How have the politicians responded to this problem?

The Conservatives' solution was to scrap LEA admission procedures altogether and allow head teachers to decide their own intake, so paving the way for selection by academic ability. (They would also offer parents vouchers worth £5,000 a year to spend at low-cost private schools.) La­bour's new plan was an attempt to steal the Tories' thunder by giving popular schools scope to expand and giving them greater autonomy, thus improving standards without having to reintroduce academic selection.

How did it propose in practice to achieve that?

The Government wanted every comprehensive school in England to become an ‘independent special­ist’ school. The idea was not just to give such schools far greater control over their day-to-day spending, but to urge them to build extra capacity as they got ever more successful and popular. The very best schools are able to acquire yet more autonomy by becoming ‘Foundation schools’ (known as ‘super schools’) which can set their own wages (up to £60,000 for the best teachers) and their own cur­ricula.
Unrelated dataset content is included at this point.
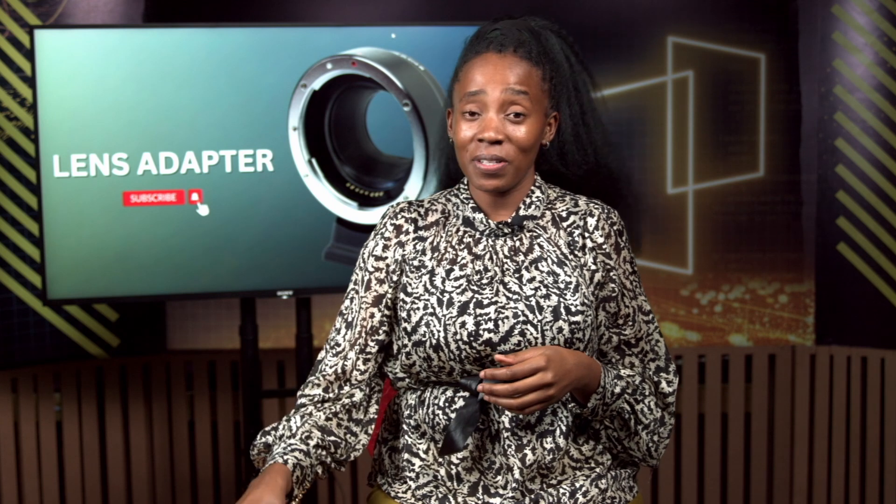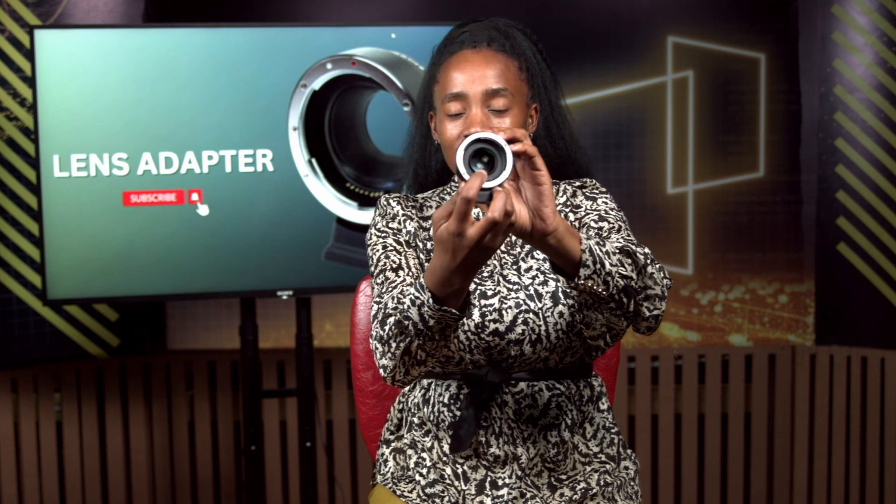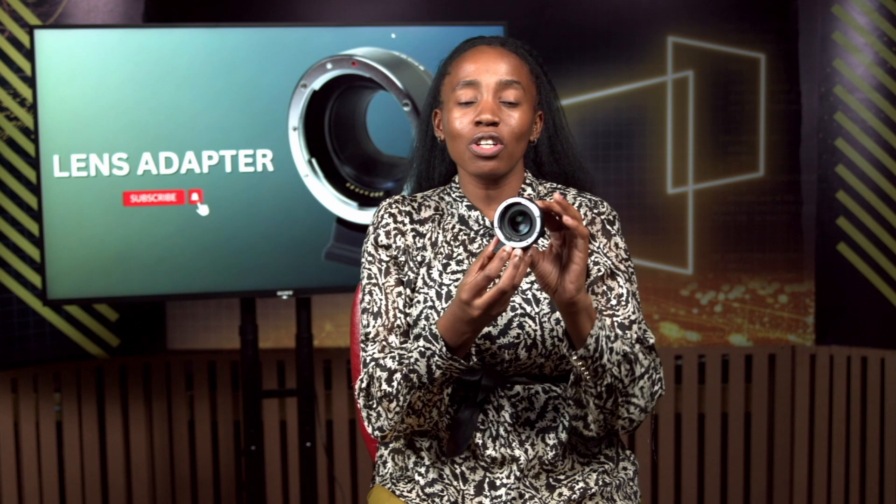As you can see, it doesn't have any electrical contacts. Our next type is electronic adapters, which have electronic contacts that allow you to control the aperture and autofocus of the lens from the camera body. These adapters can be more expensive than mechanical adapters, but they provide more functionality and convenience. They are best for lenses that have autofocus or require aperture control from the camera body. Here I have an example of an electronic adapter — it has the electronic contacts right here, which allows for communication between the lens and your camera body.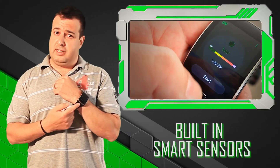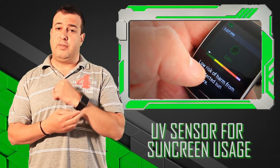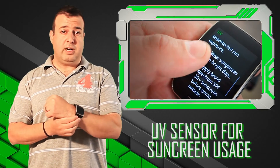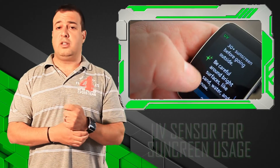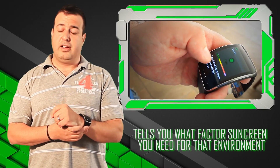If you've got the Gear S from Samsung, it's got something called smart sensors, and if you go into that, one of them is a UV sensor. It takes a quick reading in the environment that you happen to be in, tells you what the UV readings are, and on top of that, it also tells you what factor protection you need so that you don't burn.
To allay fears that this was a recipe for letting inner city schools sink into neglect, the plan wanted failing schools to be trans­formed into city academies which would be backed by private sponsors and given freedom from LEA control.

II. Write down new words into your vocabulary.

III. Put 10 questions to the text.

IV. Translate the following words and word-combinations into Ukrainian and memorize them:

to announce, local education authority, emphasis, application, attendant, provisional, independent specialist school, aptitude, specialism, admission procedures, head teacher, intake, academic ability, to improve, to reintroduce, day-to-day spending, to urge, wage, to acquire.

TEXT 24

I. Read the text and determine the subtitles of it.

Types of Universities

Part i

There are no important official or legal distinctions between various types of universities in the country. But it is possible to discern a few broad categories.

• Oxbridge

This name denotes the universities of Oxford and Cambridge, both founded in the medieval period. They are federations of semi-independent colleges, each college having its own staff, known as 'Fellows'. Most colleges have their own dining hall, library and chapel and contain enough accommodation for at least half of their students. ‘Fellows’ teach the college students, either one-to-one or in very small groups (known as 'tutorials' in Oxford and 'supervisions' in Cambridge). Oxbridge has the lowest student/staff ratio in Britain. Lectures and laboratory work are organized at university level. As for the college libraries, there are two university libraries, both of which are legally entitled to a free copy of every book published in Britain. Before 1970 all Oxbridge colleges were single-sex (mostly for men). Now, the majority admit both sexes.

• The old Scottish universities

By 1600 Scotland boasted four uni­versities. They were Glasgow, Edinburgh, Aberdeen and St. Andrews. The last of these resembles Oxbridge in many ways, while the other three are more like civic universities in that most of the students live at home or find their own rooms in town. At all of them the pattern of study is closer to the continental tradition than to the English one – there is less special­izations than at Oxbridge.

• The early nineteenth-century English universities

Durham University was founded in 1832. Its collegiate living arrange­ments are similar to Oxbridge, but academic matters are organized at university level. The University of London started in 1836 with just two colleges. Many more have joined since scattered widely around the city, so that each college (most are non-residential) is almost a separate university. The central organization is responsible for little more than exams and the awarding of degrees.